Work order: Would you please repeat exactly the lines from the one containing "Sideboard 110x34x75 cm Solid Wood Pine Price" to the end of the records, both included, and leave out the rest?

Material for this exercise:
***
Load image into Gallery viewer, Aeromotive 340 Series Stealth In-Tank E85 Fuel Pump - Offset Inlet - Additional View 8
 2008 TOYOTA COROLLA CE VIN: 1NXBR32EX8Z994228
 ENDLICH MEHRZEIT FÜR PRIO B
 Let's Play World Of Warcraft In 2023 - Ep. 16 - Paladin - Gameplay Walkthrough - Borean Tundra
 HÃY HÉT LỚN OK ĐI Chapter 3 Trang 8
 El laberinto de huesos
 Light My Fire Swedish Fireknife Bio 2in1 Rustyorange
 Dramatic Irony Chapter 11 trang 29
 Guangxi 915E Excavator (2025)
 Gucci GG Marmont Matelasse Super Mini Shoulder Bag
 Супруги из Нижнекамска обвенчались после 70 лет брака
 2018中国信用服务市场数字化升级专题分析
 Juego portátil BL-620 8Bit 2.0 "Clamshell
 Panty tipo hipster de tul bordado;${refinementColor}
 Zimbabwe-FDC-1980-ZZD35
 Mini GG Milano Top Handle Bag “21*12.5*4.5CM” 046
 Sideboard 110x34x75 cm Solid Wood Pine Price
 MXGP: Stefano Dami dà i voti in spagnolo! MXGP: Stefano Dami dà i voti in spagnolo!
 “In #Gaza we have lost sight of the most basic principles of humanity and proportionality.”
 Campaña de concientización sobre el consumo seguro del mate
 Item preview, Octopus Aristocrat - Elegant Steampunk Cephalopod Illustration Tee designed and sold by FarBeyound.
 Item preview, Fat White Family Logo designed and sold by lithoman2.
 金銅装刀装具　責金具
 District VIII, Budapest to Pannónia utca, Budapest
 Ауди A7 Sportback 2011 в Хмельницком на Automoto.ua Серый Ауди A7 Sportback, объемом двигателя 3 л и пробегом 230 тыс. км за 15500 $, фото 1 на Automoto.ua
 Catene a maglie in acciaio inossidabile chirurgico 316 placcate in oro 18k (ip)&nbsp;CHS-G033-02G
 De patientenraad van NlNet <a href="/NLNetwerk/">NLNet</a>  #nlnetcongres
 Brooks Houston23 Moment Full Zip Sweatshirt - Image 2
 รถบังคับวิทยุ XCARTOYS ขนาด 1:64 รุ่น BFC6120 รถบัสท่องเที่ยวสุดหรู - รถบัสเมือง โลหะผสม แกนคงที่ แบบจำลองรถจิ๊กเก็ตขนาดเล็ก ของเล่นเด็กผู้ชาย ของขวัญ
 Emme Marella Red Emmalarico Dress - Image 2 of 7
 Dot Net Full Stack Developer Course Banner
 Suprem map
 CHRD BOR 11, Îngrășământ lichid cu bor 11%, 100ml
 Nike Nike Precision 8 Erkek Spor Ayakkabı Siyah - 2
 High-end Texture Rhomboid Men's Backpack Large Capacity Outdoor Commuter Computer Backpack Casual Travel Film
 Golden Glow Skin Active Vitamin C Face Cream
***
Solution to the exercise:
 Sideboard 110x34x75 cm Solid Wood Pine Price
 MXGP: Stefano Dami dà i voti in spagnolo! MXGP: Stefano Dami dà i voti in spagnolo!
 “In #Gaza we have lost sight of the most basic principles of humanity and proportionality.”
 Campaña de concientización sobre el consumo seguro del mate
 Item preview, Octopus Aristocrat - Elegant Steampunk Cephalopod Illustration Tee designed and sold by FarBeyound.
 Item preview, Fat White Family Logo designed and sold by lithoman2.
 金銅装刀装具　責金具
 District VIII, Budapest to Pannónia utca, Budapest
 Ауди A7 Sportback 2011 в Хмельницком на Automoto.ua Серый Ауди A7 Sportback, объемом двигателя 3 л и пробегом 230 тыс. км за 15500 $, фото 1 на Automoto.ua
 Catene a maglie in acciaio inossidabile chirurgico 316 placcate in oro 18k (ip)&nbsp;CHS-G033-02G
 De patientenraad van NlNet <a href="/NLNetwerk/">NLNet</a>  #nlnetcongres
 Brooks Houston23 Moment Full Zip Sweatshirt - Image 2
 รถบังคับวิทยุ XCARTOYS ขนาด 1:64 รุ่น BFC6120 รถบัสท่องเที่ยวสุดหรู - รถบัสเมือง โลหะผสม แกนคงที่ แบบจำลองรถจิ๊กเก็ตขนาดเล็ก ของเล่นเด็กผู้ชาย ของขวัญ
 Emme Marella Red Emmalarico Dress - Image 2 of 7
 Dot Net Full Stack Developer Course Banner
 Suprem map
 CHRD BOR 11, Îngrășământ lichid cu bor 11%, 100ml
 Nike Nike Precision 8 Erkek Spor Ayakkabı Siyah - 2
 High-end Texture Rhomboid Men's Backpack Large Capacity Outdoor Commuter Computer Backpack Casual Travel Film
 Golden Glow Skin Active Vitamin C Face Cream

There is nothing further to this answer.